▶ [Exercise inputs]
++++++++++

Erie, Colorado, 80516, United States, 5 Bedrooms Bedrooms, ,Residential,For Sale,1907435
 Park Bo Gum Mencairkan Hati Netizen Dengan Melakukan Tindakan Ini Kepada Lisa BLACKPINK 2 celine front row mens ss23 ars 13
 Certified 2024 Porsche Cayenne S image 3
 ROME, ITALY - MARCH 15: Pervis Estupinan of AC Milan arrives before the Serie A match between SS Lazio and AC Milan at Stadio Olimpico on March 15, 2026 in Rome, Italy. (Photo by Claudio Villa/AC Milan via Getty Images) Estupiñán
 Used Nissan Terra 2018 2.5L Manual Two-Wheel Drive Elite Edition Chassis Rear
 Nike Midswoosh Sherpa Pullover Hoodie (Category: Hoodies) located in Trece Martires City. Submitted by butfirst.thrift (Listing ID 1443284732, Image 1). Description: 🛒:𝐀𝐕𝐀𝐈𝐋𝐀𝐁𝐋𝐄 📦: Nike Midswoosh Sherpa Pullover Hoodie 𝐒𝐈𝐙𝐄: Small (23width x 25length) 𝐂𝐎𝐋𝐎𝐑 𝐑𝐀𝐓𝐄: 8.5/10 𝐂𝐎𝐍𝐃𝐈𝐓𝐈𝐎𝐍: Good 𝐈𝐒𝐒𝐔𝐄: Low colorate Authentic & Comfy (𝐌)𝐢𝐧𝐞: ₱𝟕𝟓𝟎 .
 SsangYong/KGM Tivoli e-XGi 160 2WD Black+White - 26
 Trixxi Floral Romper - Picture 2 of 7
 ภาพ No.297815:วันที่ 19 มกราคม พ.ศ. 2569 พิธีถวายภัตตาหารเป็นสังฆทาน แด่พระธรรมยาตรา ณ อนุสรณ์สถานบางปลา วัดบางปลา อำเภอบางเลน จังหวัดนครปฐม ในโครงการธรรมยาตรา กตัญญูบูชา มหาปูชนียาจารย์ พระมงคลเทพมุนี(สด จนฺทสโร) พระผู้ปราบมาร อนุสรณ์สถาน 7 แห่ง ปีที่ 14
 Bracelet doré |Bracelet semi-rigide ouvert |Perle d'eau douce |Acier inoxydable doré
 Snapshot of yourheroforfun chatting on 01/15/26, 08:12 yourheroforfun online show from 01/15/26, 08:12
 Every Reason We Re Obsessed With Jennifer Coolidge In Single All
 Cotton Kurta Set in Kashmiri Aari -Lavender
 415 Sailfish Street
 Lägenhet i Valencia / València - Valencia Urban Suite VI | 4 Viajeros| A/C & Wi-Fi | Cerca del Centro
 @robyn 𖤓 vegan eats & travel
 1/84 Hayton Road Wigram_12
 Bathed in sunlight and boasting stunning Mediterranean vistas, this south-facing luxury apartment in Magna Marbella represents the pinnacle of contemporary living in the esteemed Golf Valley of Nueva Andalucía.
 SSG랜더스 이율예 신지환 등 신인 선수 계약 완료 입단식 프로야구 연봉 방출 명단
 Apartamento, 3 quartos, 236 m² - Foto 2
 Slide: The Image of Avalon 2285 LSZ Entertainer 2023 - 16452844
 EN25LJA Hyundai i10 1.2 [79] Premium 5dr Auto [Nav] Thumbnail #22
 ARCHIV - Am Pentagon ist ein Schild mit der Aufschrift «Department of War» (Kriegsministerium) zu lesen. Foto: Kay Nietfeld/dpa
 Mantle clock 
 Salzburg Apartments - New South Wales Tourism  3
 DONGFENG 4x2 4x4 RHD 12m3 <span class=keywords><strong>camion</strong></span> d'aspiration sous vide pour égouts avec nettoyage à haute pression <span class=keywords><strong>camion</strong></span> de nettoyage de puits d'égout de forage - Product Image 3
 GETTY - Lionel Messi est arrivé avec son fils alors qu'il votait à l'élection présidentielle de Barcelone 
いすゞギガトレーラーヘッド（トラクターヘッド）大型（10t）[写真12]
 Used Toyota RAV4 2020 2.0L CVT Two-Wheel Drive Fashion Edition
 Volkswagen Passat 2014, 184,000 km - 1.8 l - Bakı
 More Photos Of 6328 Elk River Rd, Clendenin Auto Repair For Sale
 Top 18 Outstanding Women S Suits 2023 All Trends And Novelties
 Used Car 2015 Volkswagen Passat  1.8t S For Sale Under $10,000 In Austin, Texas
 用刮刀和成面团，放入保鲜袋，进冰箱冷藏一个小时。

++++++++++

▶ [Task]
Repeat the lines from the first one in the records through the line containing "ภาพ No.297815:วันที่ 19", exactly as written, and nothing else.

▶ [Problem solution]
Erie, Colorado, 80516, United States, 5 Bedrooms Bedrooms, ,Residential,For Sale,1907435
 Park Bo Gum Mencairkan Hati Netizen Dengan Melakukan Tindakan Ini Kepada Lisa BLACKPINK 2 celine front row mens ss23 ars 13
 Certified 2024 Porsche Cayenne S image 3
 ROME, ITALY - MARCH 15: Pervis Estupinan of AC Milan arrives before the Serie A match between SS Lazio and AC Milan at Stadio Olimpico on March 15, 2026 in Rome, Italy. (Photo by Claudio Villa/AC Milan via Getty Images) Estupiñán
 Used Nissan Terra 2018 2.5L Manual Two-Wheel Drive Elite Edition Chassis Rear
 Nike Midswoosh Sherpa Pullover Hoodie (Category: Hoodies) located in Trece Martires City. Submitted by butfirst.thrift (Listing ID 1443284732, Image 1). Description: 🛒:𝐀𝐕𝐀𝐈𝐋𝐀𝐁𝐋𝐄 📦: Nike Midswoosh Sherpa Pullover Hoodie 𝐒𝐈𝐙𝐄: Small (23width x 25length) 𝐂𝐎𝐋𝐎𝐑 𝐑𝐀𝐓𝐄: 8.5/10 𝐂𝐎𝐍𝐃𝐈𝐓𝐈𝐎𝐍: Good 𝐈𝐒𝐒𝐔𝐄: Low colorate Authentic & Comfy (𝐌)𝐢𝐧𝐞: ₱𝟕𝟓𝟎 .
 SsangYong/KGM Tivoli e-XGi 160 2WD Black+White - 26
 Trixxi Floral Romper - Picture 2 of 7
 ภาพ No.297815:วันที่ 19 มกราคม พ.ศ. 2569 พิธีถวายภัตตาหารเป็นสังฆทาน แด่พระธรรมยาตรา ณ อนุสรณ์สถานบางปลา วัดบางปลา อำเภอบางเลน จังหวัดนครปฐม ในโครงการธรรมยาตรา กตัญญูบูชา มหาปูชนียาจารย์ พระมงคลเทพมุนี(สด จนฺทสโร) พระผู้ปราบมาร อนุสรณ์สถาน 7 แห่ง ปีที่ 14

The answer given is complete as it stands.